Friday, February 11, 2011

Differentiated Instruction: What Is It?

Differentiated Instruction and Teaching Children with Learning Disabilities

By Janet W. Lerner and Frank Kline

Editors of Learning Disabilities: A Multidisciplinary Journal

The US. Department of Education (2008) reports that 87% of students  with learning disabilities receive instruction in general education  classes. This number includes both students whose educational placement  is in the general education classroom for most of the day (52%) and  students who are both in a resource room for part of the day and in a  general education classroom for the balance of the day (35%).

General education teachers are often stymied when instruction  designed for the general education student does not meet the needs of  students with learning disabilities. These students need a different  kind of instruction. Differentiated Instruction is recommended to  general education teachers as one method to teach students with learning  disabilities and other special learning needs in general education  classes (Tomlinson, Brimijoin and Narvaez, 2008; Tomlinson, 2001).

It is  interesting to note the many similarities between differentiated  instruction and the philosophy and strategies for teaching special  education students.

The term differentiated instruction reflects a philosophy of teaching  that enables teachers to reach the unique needs of each student,  capitalizing on the student’s strengths and weaknesses.

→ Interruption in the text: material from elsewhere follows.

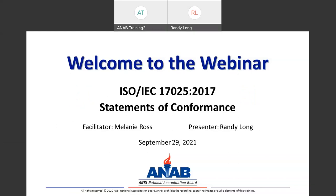It's now 2 p.m. Eastern Daylight Time, so we'll go ahead and get started. Welcome, everyone. I'm Melanie Ross, and I'll be the facilitator for this webinar today. Our presenter is Randy Long. Thank you for joining ANAB for our complimentary webinar on ISO/IEC 17025:2017 Statements of Conformance.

Differentiated  instruction embodies some of the qualities of special education teaching  in the general education classroom.

Advocates of differentiated instruction note that one of the biggest  mistakes we make in teaching is to treat everyone equally when it comes  to learning. With the recognition that not all students are alike,  differentiated instruction applies an approach to teaching and learning  that gives students multiple options for taking in information and  making sense of ideas.

Differentiated instruction recognizes that a  one-size-fits-all curriculum simply will not work for all children.  Children process information differently; some form images, others form  words, and others form sentences.

Differentiated instruction takes their  individual needs into account with teaching that responds to their  personal talents, interests, varying background knowledge, and distinct  experiences. In differentiated instruction, the teacher seeks to find  the special methods that will be successful for an individual student to  help that student learn (Lerner & Johns, 2011; Tomlinson, Brimijoin  and Narvaez, 2008; Tomlinson, 2001).